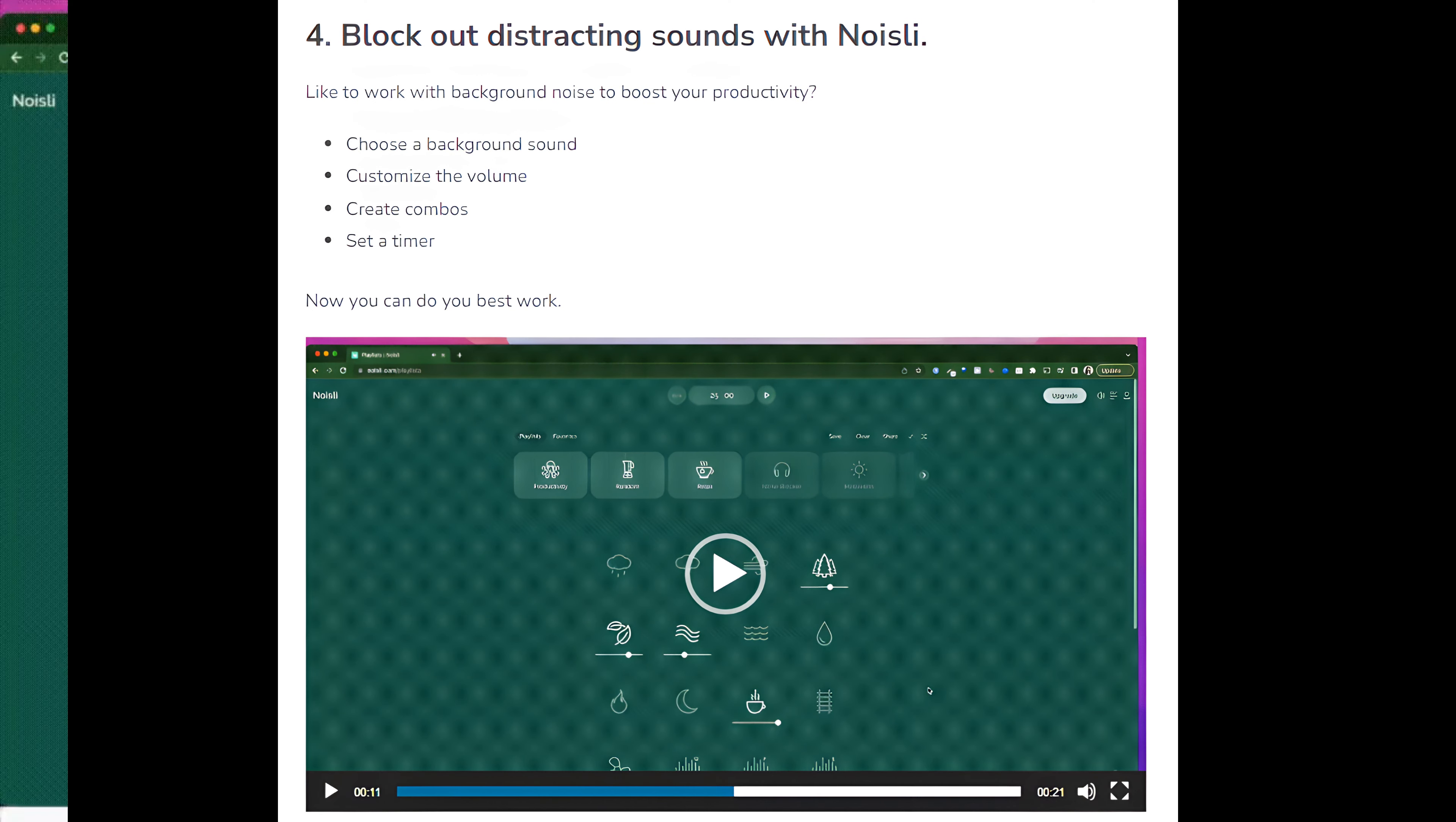Number 6: Remove background from videos with Unscreen. Have a video and want to change the background? Upload your video, let it do its thing. That's literally it, done. No need for a green screen.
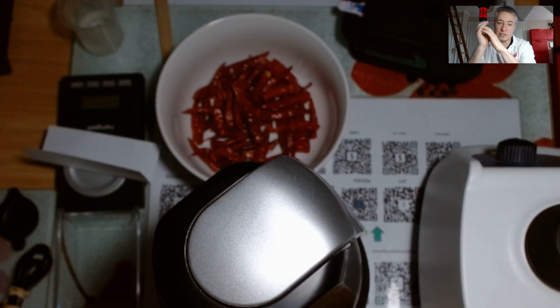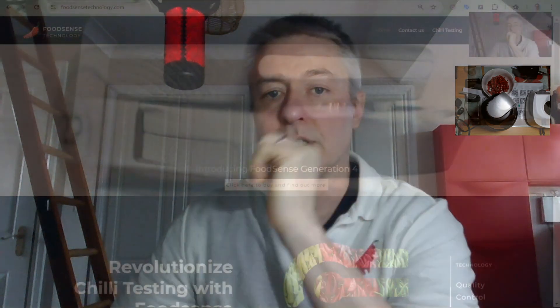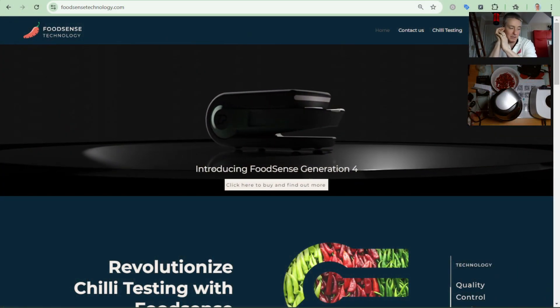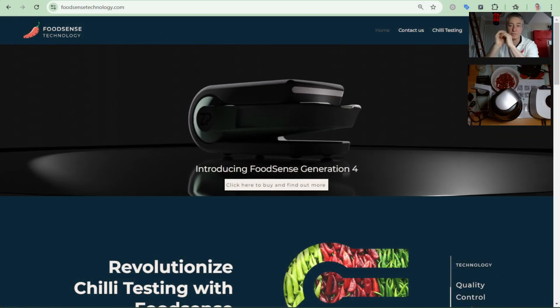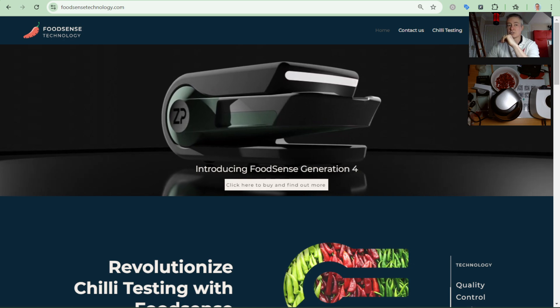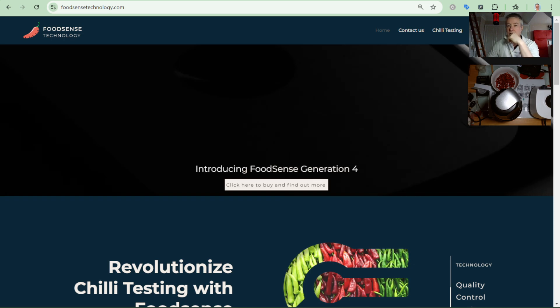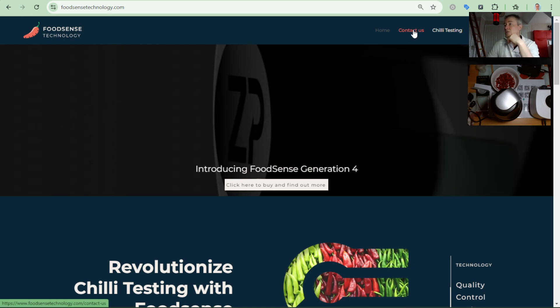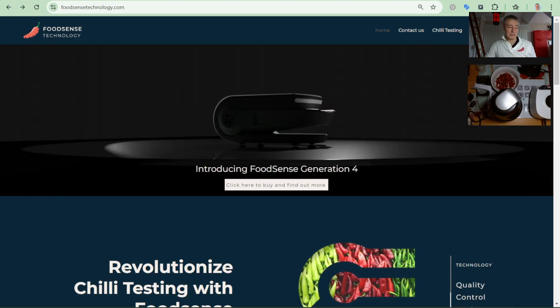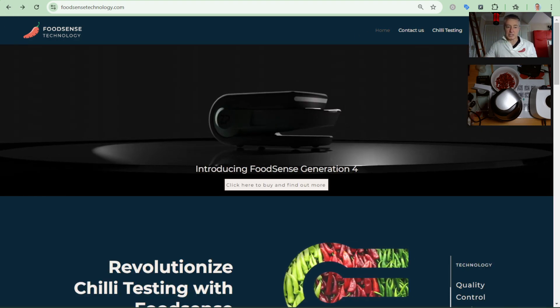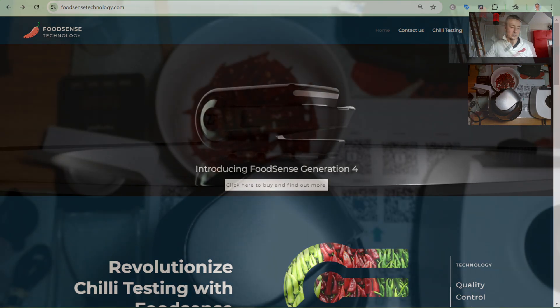What I'll be doing in this video is measuring the hotness of the chillies by measuring the capsaicin in them, and we'll be giving the results in Scoville heat units. The device I'll be using this morning is the FoodSense Generation 4. You can find it at FoodSense Technology. If you've got any questions, you can reach out to us here. With that said, I'm going to prepare the sample in real time now, so rather than talk I'll just get on with it.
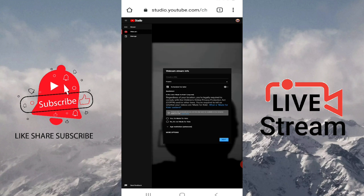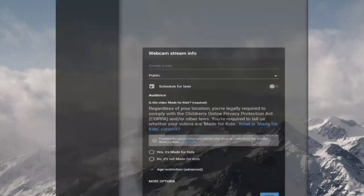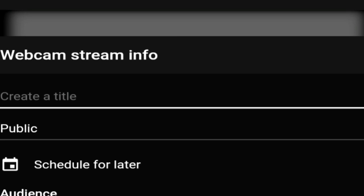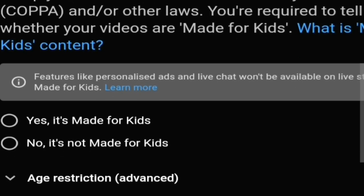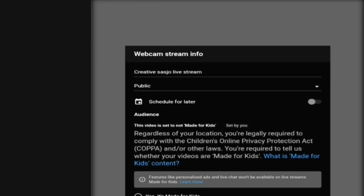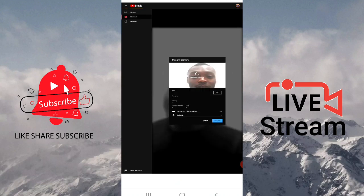The next thing you're going to do is enter a title — in this case I'm going to write 'Creative.' Then search your live stream title. It will ask if it's made for kids — because there are many restrictions for kids, I'm going to click 'No.' Then click 'Next.' It's counting down and I'm already set up.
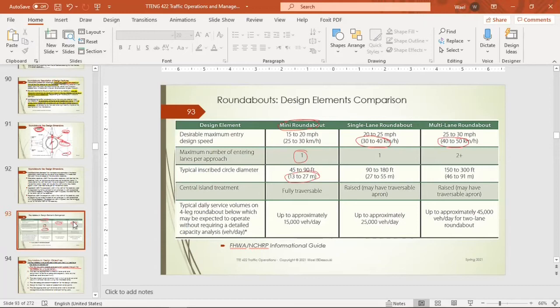The mini roundabout has one entering lane; the single-lane roundabout also has one lane; the multi-lane roundabout has two or more lanes — typically up to three. For the inscribed circular diameter: single-lane roundabouts range from 27 to 55 meters, and multi-lane roundabouts from 46 to 91 meters.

* **Task details**
Skipping any pictures, transcribe the full listing exactly.

* **Task solution**
Number 6: Remove background from videos with Unscreen. Have a video and want to change the background? Upload your video, let it do its thing. That's literally it, done. No need for a green screen.
What I'll be doing in this video is measuring the hotness of the chillies by measuring the capsaicin in them, and we'll be giving the results in Scoville heat units. The device I'll be using this morning is the FoodSense Generation 4. You can find it at FoodSense Technology. If you've got any questions, you can reach out to us here. With that said, I'm going to prepare the sample in real time now, so rather than talk I'll just get on with it.
The next thing you're going to do is enter a title — in this case I'm going to write 'Creative.' Then search your live stream title. It will ask if it's made for kids — because there are many restrictions for kids, I'm going to click 'No.' Then click 'Next.' It's counting down and I'm already set up.
The mini roundabout has one entering lane; the single-lane roundabout also has one lane; the multi-lane roundabout has two or more lanes — typically up to three. For the inscribed circular diameter: single-lane roundabouts range from 27 to 55 meters, and multi-lane roundabouts from 46 to 91 meters.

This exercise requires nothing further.